Catholic Charities is the professional social services arm of the Archdiocese of Portland. It offers housing assistance, disaster relief, human trafficking outreach, immigration legal services, pregnancy and adoption counseling and services, Hispanic outreach, and more. It provides these things “regardless of faith, race, marital status or condition in life. [Catholic Charities’] activities are based upon the fundamental belief in the dignity and sanctity of human life and the principles of Catholic Social Teaching.” Catholic Charities served 1,323 people in 1952. Today, Catholic Charities helps more than 100,000 Oregonians in need every year.

The Society of St. Vincent de Paul, with a highly active council in Portland, is a “worldwide Catholic organization of laypersons, open to all who wish to live their faith by loving and serving their neighbor….[M]embers…help those in need, regardless of race, ethnicity, creed, gender, orientation, handicap or religion.”

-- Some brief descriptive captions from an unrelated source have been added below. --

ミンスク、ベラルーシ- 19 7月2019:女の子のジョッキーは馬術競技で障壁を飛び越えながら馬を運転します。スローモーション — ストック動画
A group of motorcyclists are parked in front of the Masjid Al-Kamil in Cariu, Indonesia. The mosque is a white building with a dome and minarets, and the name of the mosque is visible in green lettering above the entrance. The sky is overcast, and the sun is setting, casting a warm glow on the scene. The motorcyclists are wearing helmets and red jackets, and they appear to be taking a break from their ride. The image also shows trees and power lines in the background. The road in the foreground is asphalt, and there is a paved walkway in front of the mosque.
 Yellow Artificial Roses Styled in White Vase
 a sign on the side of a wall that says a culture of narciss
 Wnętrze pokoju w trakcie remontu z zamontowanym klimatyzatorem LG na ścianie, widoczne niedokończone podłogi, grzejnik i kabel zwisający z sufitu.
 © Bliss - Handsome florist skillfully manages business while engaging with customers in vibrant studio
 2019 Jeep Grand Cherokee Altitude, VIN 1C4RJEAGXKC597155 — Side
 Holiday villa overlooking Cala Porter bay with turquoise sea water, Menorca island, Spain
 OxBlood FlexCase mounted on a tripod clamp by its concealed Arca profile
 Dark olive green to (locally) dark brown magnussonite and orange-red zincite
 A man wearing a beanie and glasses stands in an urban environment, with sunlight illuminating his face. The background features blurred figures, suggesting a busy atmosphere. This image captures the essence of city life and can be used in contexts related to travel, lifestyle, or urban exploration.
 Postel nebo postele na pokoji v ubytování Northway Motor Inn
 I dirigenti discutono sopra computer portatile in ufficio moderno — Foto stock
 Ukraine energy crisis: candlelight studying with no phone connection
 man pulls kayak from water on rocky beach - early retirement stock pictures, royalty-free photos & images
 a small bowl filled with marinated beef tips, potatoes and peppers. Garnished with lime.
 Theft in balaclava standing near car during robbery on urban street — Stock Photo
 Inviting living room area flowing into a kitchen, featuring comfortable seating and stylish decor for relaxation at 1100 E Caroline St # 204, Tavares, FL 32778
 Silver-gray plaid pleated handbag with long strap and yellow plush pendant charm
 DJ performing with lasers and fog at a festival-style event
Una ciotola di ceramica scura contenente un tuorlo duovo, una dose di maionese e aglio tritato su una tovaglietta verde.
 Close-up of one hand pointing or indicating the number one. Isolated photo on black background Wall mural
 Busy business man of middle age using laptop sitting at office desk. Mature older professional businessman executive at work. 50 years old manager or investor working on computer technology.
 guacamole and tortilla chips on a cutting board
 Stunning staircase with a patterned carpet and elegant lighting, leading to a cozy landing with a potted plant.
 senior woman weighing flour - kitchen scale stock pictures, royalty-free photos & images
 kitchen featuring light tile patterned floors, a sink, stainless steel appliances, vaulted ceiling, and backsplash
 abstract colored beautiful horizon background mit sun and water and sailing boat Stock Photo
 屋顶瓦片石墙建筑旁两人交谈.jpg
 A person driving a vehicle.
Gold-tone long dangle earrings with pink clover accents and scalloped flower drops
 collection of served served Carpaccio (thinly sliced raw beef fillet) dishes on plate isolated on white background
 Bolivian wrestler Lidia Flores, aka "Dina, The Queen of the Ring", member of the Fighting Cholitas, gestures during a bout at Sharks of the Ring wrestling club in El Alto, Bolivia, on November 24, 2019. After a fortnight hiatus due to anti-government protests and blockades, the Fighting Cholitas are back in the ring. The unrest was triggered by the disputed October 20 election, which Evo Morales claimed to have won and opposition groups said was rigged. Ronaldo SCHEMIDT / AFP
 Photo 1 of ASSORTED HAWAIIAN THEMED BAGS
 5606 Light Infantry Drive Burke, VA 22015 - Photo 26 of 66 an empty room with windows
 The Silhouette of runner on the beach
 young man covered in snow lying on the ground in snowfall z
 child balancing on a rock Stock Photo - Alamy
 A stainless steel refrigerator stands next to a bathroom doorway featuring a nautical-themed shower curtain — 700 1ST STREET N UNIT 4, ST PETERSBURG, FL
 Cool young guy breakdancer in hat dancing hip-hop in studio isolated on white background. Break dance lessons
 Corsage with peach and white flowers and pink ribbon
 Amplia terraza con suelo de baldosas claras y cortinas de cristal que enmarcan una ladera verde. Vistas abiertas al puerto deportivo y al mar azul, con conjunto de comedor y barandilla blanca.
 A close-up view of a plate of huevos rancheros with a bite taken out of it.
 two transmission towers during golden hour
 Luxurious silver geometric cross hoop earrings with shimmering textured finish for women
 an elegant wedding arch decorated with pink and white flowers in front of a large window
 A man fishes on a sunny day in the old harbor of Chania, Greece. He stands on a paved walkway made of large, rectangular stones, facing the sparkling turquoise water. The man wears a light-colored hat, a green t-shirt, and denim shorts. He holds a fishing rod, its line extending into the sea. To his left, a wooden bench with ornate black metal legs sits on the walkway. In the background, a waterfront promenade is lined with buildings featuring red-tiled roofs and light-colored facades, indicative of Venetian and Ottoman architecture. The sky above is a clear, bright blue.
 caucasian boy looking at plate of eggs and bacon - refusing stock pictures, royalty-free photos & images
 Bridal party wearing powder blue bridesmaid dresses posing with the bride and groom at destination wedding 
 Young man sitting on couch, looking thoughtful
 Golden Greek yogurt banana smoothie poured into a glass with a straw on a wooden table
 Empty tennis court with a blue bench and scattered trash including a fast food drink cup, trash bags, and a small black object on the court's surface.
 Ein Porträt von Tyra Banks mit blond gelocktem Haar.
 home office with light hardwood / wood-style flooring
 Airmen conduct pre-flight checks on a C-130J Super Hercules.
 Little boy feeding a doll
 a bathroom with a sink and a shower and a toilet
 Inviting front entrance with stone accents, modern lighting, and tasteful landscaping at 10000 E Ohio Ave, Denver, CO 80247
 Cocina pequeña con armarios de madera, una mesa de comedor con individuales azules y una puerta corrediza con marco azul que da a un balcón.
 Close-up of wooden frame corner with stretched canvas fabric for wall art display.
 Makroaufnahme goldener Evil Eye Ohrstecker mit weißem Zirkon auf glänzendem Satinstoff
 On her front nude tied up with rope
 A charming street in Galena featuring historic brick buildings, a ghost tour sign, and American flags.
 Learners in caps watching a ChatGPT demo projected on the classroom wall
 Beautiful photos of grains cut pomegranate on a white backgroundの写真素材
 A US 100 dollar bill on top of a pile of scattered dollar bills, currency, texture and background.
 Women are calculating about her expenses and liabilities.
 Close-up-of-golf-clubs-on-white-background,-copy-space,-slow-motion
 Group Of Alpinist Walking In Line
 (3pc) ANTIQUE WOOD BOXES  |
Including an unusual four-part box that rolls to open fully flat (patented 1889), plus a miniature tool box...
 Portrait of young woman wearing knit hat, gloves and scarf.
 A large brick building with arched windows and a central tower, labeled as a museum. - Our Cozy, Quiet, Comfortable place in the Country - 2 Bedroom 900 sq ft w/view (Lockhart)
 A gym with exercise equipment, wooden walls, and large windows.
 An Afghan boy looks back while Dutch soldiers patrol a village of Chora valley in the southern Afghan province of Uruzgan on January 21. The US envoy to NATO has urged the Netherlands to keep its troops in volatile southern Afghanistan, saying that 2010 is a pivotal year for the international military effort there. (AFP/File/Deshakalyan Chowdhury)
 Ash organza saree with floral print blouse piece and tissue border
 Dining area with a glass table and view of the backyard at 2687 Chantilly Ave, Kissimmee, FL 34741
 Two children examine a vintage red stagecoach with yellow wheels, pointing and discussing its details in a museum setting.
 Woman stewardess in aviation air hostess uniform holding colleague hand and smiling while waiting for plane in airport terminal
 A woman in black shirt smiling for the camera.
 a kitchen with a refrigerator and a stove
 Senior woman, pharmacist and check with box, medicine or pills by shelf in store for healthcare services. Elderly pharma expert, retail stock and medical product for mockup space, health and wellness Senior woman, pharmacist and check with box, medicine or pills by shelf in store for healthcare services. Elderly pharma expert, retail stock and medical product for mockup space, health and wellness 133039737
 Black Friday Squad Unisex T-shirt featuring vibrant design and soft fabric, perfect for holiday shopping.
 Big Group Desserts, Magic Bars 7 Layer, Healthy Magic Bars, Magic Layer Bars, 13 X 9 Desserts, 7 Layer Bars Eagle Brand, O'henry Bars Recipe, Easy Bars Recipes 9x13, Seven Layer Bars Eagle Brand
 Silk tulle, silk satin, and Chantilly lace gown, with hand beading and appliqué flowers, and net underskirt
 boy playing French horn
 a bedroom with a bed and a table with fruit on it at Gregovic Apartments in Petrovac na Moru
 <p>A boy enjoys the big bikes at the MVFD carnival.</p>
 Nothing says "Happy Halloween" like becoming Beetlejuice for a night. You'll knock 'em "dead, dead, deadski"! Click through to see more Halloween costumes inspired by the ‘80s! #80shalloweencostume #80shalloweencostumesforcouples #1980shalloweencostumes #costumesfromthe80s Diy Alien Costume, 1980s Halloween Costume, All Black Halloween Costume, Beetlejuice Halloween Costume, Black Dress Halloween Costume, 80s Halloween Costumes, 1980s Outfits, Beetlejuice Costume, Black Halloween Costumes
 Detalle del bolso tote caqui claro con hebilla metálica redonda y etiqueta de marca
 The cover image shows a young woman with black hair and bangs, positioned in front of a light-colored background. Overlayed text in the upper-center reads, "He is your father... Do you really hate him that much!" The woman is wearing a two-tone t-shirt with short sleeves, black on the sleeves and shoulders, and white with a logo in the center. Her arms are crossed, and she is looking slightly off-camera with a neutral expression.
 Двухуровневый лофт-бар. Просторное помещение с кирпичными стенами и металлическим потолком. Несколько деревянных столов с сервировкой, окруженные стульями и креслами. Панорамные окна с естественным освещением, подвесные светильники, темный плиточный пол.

All of these organizations provide vital assistance to the needy in Oregon, all are inspired directly and explicitly by the faith of the people who work and volunteer for them, and all operate in accordance with the moral beliefs and values of the Catholic Church.

But organizations like these would not be considered “religious employers” by the federal government, because they do not exist solely for the purpose of serving members of their own faith.

Last summer, the Department of Health and Human Services (HHS) directed virtually all employers to include coverage of contraceptives, sterilization procedures, and abortion-inducing pharmaceuticals without copayment in their employee insurance policies. HHS subsequently published a final rule that requires many health insurers to charge all enrollees in order to cover the cost of other people’s elective abortions.

The HHS mandate on contraception, sterilization, and abortion has an extremely narrow conscience exemption only applicable to organizations whose purpose is solely to inculcate religious values and which employ and serve primarily members of their own faith. It will not include the vast majority of religiously affiliated or faith-based institutions like hospitals, colleges, schools, and social service organizations which may have moral objections to paying for or providing these products and services. Grimly dubbed “the parish secretary exemption,” it would apply mostly to houses of worship, not to ministries and charitable agencies which serve all people without discrimination.

For the federal government to attempt to force organizations like Catholic Charities to pay for or to provide contraception and abortion is absurd. Equally absurd is forcing Catholic organizations to assist only members of the Catholic Church or else to be considered “not religious”―and therefore subject to government regulations that violate their moral standards. In fact, this should be ruled unconstitutional.

Catholic social services are the fruit of people’s faith, but they don’t help others because the needy share that faith. Catholics believe that Christ’s words and example require them to reach out to all. Restricting assistance only to members of their religion is unacceptable to them. This is why forty-three Catholic dioceses, universities, Catholic Charities chapters, and other entities have brought a historic lawsuit against the federal government. Through the new HHS rules, the federal government, in effect, has created “two classes of religious organizations”―houses of worship which are exempt from its conscience-crushing directives, and service organizations which may have to violate their moral principles or stop serving the needy.

The Catholic Church, and Americans of all faiths or none who are uniting in defense of religious liberty, are not seeking special treatment under the law, but only the freedoms guaranteed by the First Amendment of the Constitution. The Archbishop of Washington, D.C., Cardinal Donald Wuerl, said, “Just as our faith compels us to uphold the liberty and dignity of others, so too, we must defend our own.” This First Amendment fight is not for believers’ freedom to worship behind church doors, but for their freedom to serve millions of their neighbors who stand outside, in accordance with their faith and moral values.

Kathryn Hickok is Publications Director at Cascade Policy Institute, Oregon’s free market public policy research organization, and a graduate of the University of Portland.